La trousse à outils

     Il faisait beau, pas trop chaud, et même si le vent baladait beaucoup de poussière au raz du sol, j'étais pas tout mal au bord de cette route départementale peu fréquentée. Un peu avant, fringant et enthousiaste, j'avais perdu mon embrayage dans une courbe à droite que j'aurai rêvé prendre moins vite. Il avait fallu se servir des freins, sommet de la lâcheté s'il en est. Mais s'était passé.

Après une demi heure de route en passant les vitesses à la volée, j'avais trouvé cet endroit pour me poser un peu et tenter de remédier au problème. Sur la route déjà je faisais l'inventaire de ce que j'avais et de ce que je pouvais faire. Pas de câble d'embrayage de rechange, ça aurait été trop simple.
La trousse m'attendais tranquillement dans sa sacoche de cuir fixée à l'arrière de la selle. Une fois déroulée par terre, je mesurais l'étendue des possibles.

L'outillage, ça peut paraître trivial, mais ça a son importance. Quand on s'est déjà fait suer sous une pluie battante avec un écrou fatigué et une clé bon marché, on voit de quoi je parle. Même s'il les vendent quasiment au prix de l'or, rien ne remplacera une bonne clé au chrome vanadium, celle qui vous sort de l'impasse du resserrage du boulon bipolaire qui veut se faire la malle au beau milieu de la route. Faut pas grand chose en fait, mais choisi avec soins. Un peu comme pour les gens. Si tu te dis '' bof, ça va le faire quand même ''  t'as déjà basculé du côté obscur de la force.

Le truc, ça allait être de récupérer le bout de câble d'embrayage parti dans la gaine côté guidon quand l'olive avait choisi de jouer les filles de l'air après son divorce d'avec le câble. Usure ou mauvais montage, on ne saura jamais ce qui avait provoqué la rupture de ce couple qui avait tenu des milliers de kilomètres. Perso je m'en foutais un peu, je voulais juste continuer ma route sans hypothéquer l'avenir de mes disques d'embrayage. Je laisse aux décortiqueurs de cheveux en quatre le loisir de me faire une analyse du sujet. Ce que je sais, c'est que le câble cède.

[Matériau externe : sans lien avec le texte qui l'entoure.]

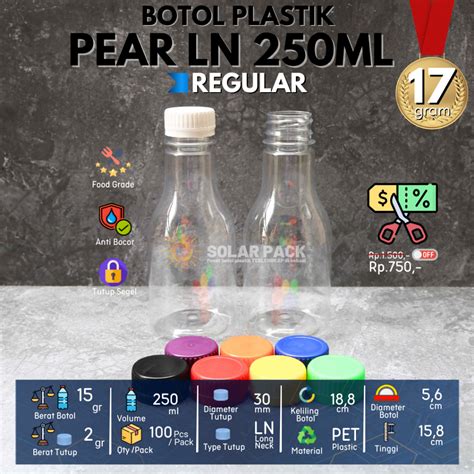 Jual Botol Plastik Pet Ml Pir Pear Minuman Jus Susu Kopi Tutup Ln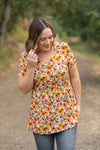 IN STOCK Sarah Ruffle Short Sleeve - Fall Floral FINAL SALE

J'étais là à jouer de la clé pour donner du mou au câble quand un monospace cross-overdisé fît son apparition sur l'aire de repos. Je ne l'avais pas entendu venir, tout à mon ouvrage que j'étais, à moins que ce ne soit un hybride. Il y a eu un mouvement rapide de portière et une femme et un enfant sont sortis précipitamment pour gérer une crise familiale des transports. Le môme avait failli attaquer gravement les fauteuils en cuir de ses sucs gastrique et de son petit déjeuner déjà en partie digéré.

Le conducteur est sorti, déjà équipé de son bermuda estival et de ses sandales tendances, s'interrogeant de l'opportunité de faire faire une pause à son deuxième mariage. Bon, ce n'était pas aussi bien qu'une aire d'autoroute mais ça ferait l'affaire. Ils sortirent le kit du vacancier en goguette du coffre de l'auto, laissant le petit dernier à ses reliquats de haut le coeur, haussant les épaules aux invectives que se lançaient les deux aînées adolescentes au sujet d'une sombre affaire de télé réalité et de choix capillaires. Monsieur inspectant gravement son véhicule en mâchant son casse croûte pendant que madame se demandait si son short n'était pas un peu short en jouant de la cuillère avec sa salade composée mais pas du tout inspirée.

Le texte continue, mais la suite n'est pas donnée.